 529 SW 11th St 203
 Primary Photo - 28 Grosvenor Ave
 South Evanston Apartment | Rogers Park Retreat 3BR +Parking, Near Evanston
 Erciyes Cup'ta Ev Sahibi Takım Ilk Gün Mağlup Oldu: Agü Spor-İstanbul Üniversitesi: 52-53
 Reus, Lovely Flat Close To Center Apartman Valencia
§ §
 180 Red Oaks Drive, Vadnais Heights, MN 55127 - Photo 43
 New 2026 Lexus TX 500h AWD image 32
§ §
**Task statement**
Please give again the lines above between the line holding "180 Red Oaks" and the line holding "New 2026 Lexus TX 500h AWD image 32", inclusive, exactly as they are and with nothing added.

**Answer to the exercise**
 180 Red Oaks Drive, Vadnais Heights, MN 55127 - Photo 43
 New 2026 Lexus TX 500h AWD image 32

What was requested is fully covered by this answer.